W. BRYCE BENNETT and DEBORAH A. BENNETT, H/W 0.1368 ACRES OF LAND (5,959.01 square feet), more or less, as a Permanent Taking; 1.1368 ACRES OF LAND (52,019 square feet), more less as a Permanent Easement, situate in New Castle County, State of Delaware, Defendants Below, Appellants, v. STATE OF DELAWARE, upon the Relation of the Secretary of the Department of Transportation, Plaintiff Below, Appellee.

No. 125, 2000.Supreme Court of Delaware.
Decided: June 2, 2000.

Superior Court of the State of Delaware in and for New Castle County; C.A. No. 99C-09-262.

AFFIRMED IN PART AND REMANDED.

Unpublished Opinion is below.

W. BRYCE BENNETT and DEBORAH A. BENNETT, H/W 0.1368 ACRES OF LAND (5,959.01 square feet), more or less, as a Permanent Taking; 1.1368 ACRES OF LAND (52,019 square feet), more less as a Permanent Easement, situate in New Castle County, State of Delaware, Defendants Below, Appellants, v. STATE OF DELAWARE, upon the Relation of the Secretary of the Department of Transportation, Plaintiff Below, Appellee. No. 125, 2000. In the Supreme Court of the State of Delaware. Submitted: May 23, 2000. Decided: June 2, 2000.

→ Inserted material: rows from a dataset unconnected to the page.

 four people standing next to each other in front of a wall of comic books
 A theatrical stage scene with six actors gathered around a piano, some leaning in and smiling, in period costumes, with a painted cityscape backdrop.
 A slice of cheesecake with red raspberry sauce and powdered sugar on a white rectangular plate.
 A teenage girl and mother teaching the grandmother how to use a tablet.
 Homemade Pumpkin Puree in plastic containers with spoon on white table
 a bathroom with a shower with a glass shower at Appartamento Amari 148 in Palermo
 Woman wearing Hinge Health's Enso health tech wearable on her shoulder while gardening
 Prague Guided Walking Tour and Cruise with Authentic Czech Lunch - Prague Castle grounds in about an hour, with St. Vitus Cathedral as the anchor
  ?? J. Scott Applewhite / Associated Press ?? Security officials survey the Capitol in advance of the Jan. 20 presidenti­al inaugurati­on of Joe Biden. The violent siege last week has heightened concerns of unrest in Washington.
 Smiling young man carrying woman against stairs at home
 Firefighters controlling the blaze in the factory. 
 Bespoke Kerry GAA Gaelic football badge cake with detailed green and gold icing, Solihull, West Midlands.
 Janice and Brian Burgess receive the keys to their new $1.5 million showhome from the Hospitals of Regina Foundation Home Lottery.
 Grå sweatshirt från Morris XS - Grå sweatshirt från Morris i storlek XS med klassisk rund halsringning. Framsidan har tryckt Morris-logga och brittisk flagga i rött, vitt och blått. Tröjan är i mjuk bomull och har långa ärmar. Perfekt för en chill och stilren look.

Superior Court of the State of Delaware in and for New Castle County; C.A. No. 99C-09-262.

Before WALSH, HOLLAND, and HARTNETT, Justices.

ORDER
This 2nd day of June 2000, upon consideration of the briefs of the parties and the bench ruling of the Superior Court on February 25, 2000, it appears to the Court that:

1. This is an interlocutory appeal from two rulings of the Superior Court.
2. The first ruling was the denial by the Superior Court of appellants’ motion to vacate an Order of Possession entered in this land condemnation action on October 22, 1999.
3. The appellants have not shown that the Superior Court abused its discretion in denying the motion to vacate the Order of Possession. The Order of Possession was not void, it was not the result of a mistake, and the Bennetts had sufficient notice of the hearing on the motion for an Order of Possession, but chose not to appear and oppose it. Nor has there been any showing of any extraordinary circumstances. Superior Court Rule 60(b).
4. It is clear from the Superior Court’s decision that the motion to deny without prejudice Bennetts’ motion to dismiss the complaint is an interlocutory order. It is also clear that none of the criteria set forth in Superior Court Rule 42 are present and there is no exceptional circumstance that would justify a ruling by us on that issue at this stage of the proceedings.

NOW, THEREFORE, IT IS ORDERED that the judgment of the Superior Court be, and the same hereby is, AFFIRMED IN PART and REMANDED. Jurisdiction is not retained.